The dotmesh ClusterRole.

This is the role Dotmesh will run under. You shouldn’t need to change this file.

If you are running Kubernetes >= 1.8 then RBAC is probably enabled and you need to create a cluster-admin role for your cluster.

Here is an example of adding that role for a gcloud user running a GKE cluster:

$ kubectl create clusterrolebinding cluster-admin-binding \
  --clusterrole cluster-admin \
  --user "$(gcloud config get-value core/account)"

The --user can be replaced with a local user (e.g. root) or another user depending on where your cluster is deployed.

The dotmesh ClusterRoleBinding.

This simply binds the dotmesh ServiceAccount to the dotmesh ClusterRole. You shouldn’t need to change this.

The dotmesh-operator ClusterRoleBinding.

This simply binds the dotmesh ServiceAccount to the cluster-admin ClusterRole (so that it can manage pods and PVCs).
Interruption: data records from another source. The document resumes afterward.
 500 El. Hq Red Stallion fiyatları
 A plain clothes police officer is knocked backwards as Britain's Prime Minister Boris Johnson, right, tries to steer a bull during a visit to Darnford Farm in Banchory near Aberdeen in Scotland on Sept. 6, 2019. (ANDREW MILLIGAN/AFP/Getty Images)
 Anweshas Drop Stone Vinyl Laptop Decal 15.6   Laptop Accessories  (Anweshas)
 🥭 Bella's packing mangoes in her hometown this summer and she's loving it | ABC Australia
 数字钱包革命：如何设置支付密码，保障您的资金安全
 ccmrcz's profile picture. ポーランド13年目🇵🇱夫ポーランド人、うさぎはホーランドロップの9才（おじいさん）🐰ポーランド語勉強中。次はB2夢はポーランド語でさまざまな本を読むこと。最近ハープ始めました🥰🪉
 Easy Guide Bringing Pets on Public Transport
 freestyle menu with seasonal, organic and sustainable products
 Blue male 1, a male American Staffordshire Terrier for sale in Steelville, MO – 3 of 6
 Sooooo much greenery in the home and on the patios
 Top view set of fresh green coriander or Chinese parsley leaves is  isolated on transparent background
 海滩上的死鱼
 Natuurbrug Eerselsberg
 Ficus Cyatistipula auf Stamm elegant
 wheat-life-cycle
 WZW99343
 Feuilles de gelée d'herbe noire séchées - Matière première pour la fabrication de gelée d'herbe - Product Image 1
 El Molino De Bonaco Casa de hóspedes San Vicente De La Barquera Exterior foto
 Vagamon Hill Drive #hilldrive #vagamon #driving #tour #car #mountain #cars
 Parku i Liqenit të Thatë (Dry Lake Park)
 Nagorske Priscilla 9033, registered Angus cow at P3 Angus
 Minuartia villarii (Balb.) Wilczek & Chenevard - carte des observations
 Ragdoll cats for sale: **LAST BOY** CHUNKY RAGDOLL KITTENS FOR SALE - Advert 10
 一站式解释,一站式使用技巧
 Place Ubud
You shouldn’t need to change this.

The dotmesh Service.

This is the service used to access the Dotmesh server on port 32607. It’s needed both for internal connectivity between nodes in the cluster, and to allow other clusters to push/pull from this one.

The dotmesh-operator Deployment.

This runs the Dotmesh operator, which then creates a Dotmesh server pod for every node in your cluster (that matches the nodeSelector in the ConfigMap, at any rate).

The operator references the dotmesh-operator ServiceAccount in order to be able to create and destroy pods and PVCs.

The Dotmesh server pods it creates reference the dotmesh ServiceAccount in order to obtain the privileges it needs.

They also refer to the dotmesh secret (also in the dotmesh namespace) to configure the initial API key and admin password, which is not created by the YAML - you have to provide these secrets yourself; we wouldn’t dream of shipping you a default API key! This gets mounted into the container filesystem at /secret.

The dotmesh-provisioner ServiceAccount.

This is the ServiceAccount that will be used to run the Dotmesh provisioner. You shouldn’t need to change this.

The dotmesh-provisioner-runner ClusterRole.

This is the role the Dotmesh provisioner will run under. You shouldn’t need to change this.

The dotmesh-provisioner ClusterRoleBinding.

This simply binds the dotmesh-provisioner ServiceAccount to the dotmesh-provisioner-runner ClusterRole. You shouldn’t need to change this.

The dotmesh-dynamic-provisioner Deployment.

This actually runs the dynamic provisioner. Only one replica of it needs to run somewhere in the cluster; it just looks for Dotmesh PVCs and creates corresponding PVs, so it doesn’t need to actually run on very node.

It references the dotmesh secret from the dotmesh namespace, in order to obtain the cluster’s admin API key so it can communicate with the Dotmesh server.

The dotmesh StorageClass.

This defines a default dotmesh StorageClass that, when referenced from a PersistentVolumeClaim, will cause Dotmesh to manage the resulting volume.

In the parameters section, there’s a single configurable item. dotmeshNamespace is the default namespace for dots accessed through this StorageClass. You probably don’t need to change it unless you’re doing something interesting.

Dotmesh PersistentVolumeClaims.

A PersistentVolumeClaim using a Dotmesh StorageClass has the following structure:

kind: PersistentVolumeClaim
apiVersion: v1
metadata:
  name: example-pvc
  annotations:
    dotmeshNamespace: admin
    dotmeshName: example
    dotmeshSubdot: logging_db
spec:
  storageClassName: dotmesh
  accessModes:
    - ReadWriteOnce
  resources:
    requests:
      storage: 1Gi

The interesting parts:

  • spec.storageClassName must reference a suitably configured Dotmesh StorageClass, or Dotmesh won’t manage this volume.
  • metadata.annotations.dotmeshNamespace can be used to override the namespace in which the dot is kept. The default is inherited from the StorageClass, or defaults to admin if none is specifed there, so it needn’t be specified here unless you’re doing something strange.
  • metadata.annotations.dotmeshName is the name of the dot. If you don’t specify it, then the name of the PVC (in this case, example-pvc) will be used.
  • metadata.annotations.dotmeshSubdot is the name of the subdot to use. If left unspecified, then the default of __default__ will be used. Use __root__ to reference the root of the dot, or any other name to use a specific subdot.